Yoga is a healthy exercise but most of the females during menstruation often feel tired due to bleeding and hence they are often reluctant to perform such exercises. However, according to a research, it is proven that some yoga steps help to ease the pain or menstrual cramping. Yoga helps to relax the muscles and hence it can provide relief from excessive bleeding and pelvic pain. Moreover, it is always significant if you are active during the time of menstruation as it helps to ease the cramping intensity.
- The bound angle pose (baddha konasana):
This is one of the best step or yoga pose which you can perform on first two days of your menstruation. Day 1 and 2 during menstruation are highly uncomfortable for most of the females as they encounter intense cramps during these two days. This pose helps to open up the hips and abdominal organs including ovaries are stimulated. Follow the following instructions:
- Sit on a mat and stretch out the legs in your front.
- Inhale deeply and exhale the air out by bending the knees and at the same time pull your heels towards pelvis.
- Drop your knees slowly to the side
- Press the soles of both feet together. Don’t force down your knees
- Turn the feet outwards to the maximum and focus on deep breathing.
- The Bow Pose or Dhanurasana:
This is an ideal pose for the females who experience intense back pain during menstruation. This step facilitates the flow of blood to the uterus and helps to ease the cramping as well. For this pose, follow the instructions mentioned below:
- Lie flat on your belly
- Keep your arms at your sides in such a way that palms are facing upwards
- Breath the air deeply inside
- Exhale while bending your knees and bring your heels as closer to your butts as possible depending on the flexibility of your body.
- As you reach your hands back breathe in once again
- Hold the feet tops
- Coordinate your breathing with the feet stretching towards the air
- As you point your toes inhale deeply
- As you release the tension exhale the air out.
- The exercise is also helpful for pregnant females in the first trimester as they experience knee pain. If you are worried about the Reason of knee pain during pregnancy and Benefits of Exercise during Pregnancy, the growing fetus exerts pressure on the knees and other body parts resulting in pain while exercising ensures better flow of blood and more oxygen supply to the body thereby reducing the pain and eases the pregnant females.
- The camel pose or Ustrasana:
Most of the females suffer from tummy problems during menstruation. The pose mentioned above is known commonly as a camel pose and helps to improve the rate of digestion and eases the bloating which is a common complaint of females during menstruation. You need to follow the following instructions as you get into the above mentioned camel position:
- Balance your knees and align them with your hips
- Keep rest of the body upright in position
- Move your legs inwards and press the tops of your feet down to the mat and press the shins as well.
- Bend your elbow and allow your hands to rest on the lower back above the hips.
- Point the fingers downward.
- Tuck the chin to your chest and lean back slowly till you feel a good and reasonable stretch at the back.

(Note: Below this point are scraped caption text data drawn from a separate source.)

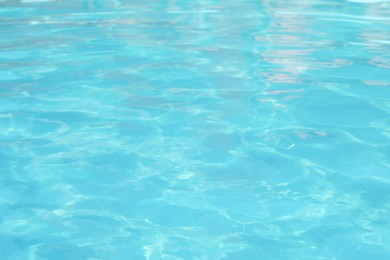 Photo of Clear water in outdoor swimming pool on sunny day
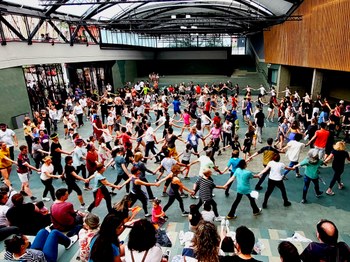 Ensayo del 10 de mayo de 2024 en Errebal. Foto: Oier Araolaza. Kezka Dantza Taldea.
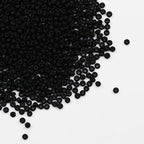 Matte Black Beads Size 6/0 Crafts Glass Seed Beads 4mm for Jewelry Making (Total About 100g About 1200pcs) - color: Matte Black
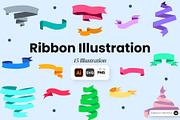 Colorful Ribbon Illustration Set, an Object Graphic by SLAB! Design (Thumbnail 1 of 3)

- Garland pose or Malasana:
Some females suffer from constipation during their periods, the yoga step known as garland pose or malasana is ideal for such females.
You need to follow the following instructions before performing this pose.
- Stand in a way that your feet are wider as compared to the shoulders width.
- Make a prayer position with your hands and bend down
- Bend into a deep squat
- Close your eyes and keep your focus on your breathing and stay in this position for one minute.
- Stand up straight slowly as you come out of this position and lift up your arms pointing to the sky and stretch them upwards.
- The Reclined spinal twist or Supta Matsyendrasana:
The position is ideal for the females who have stressful days during their periods. Follow the instructions mentioned below:
- Lay down at your back
- Bend your knees
- Straight out your feet at the mat and keep your arms at sides.
- Take a deep breath in this position
- Bring your thighs closer to your chest as tight as possible depending on your flexibility and exhale out the air.
- Hug your right knee and extend your left leg.
- Make use of your left hand to turn right knee at the left leg and make it sure that your torso must be straight.
- Repeat the procedure with other knee and breathe in deeply.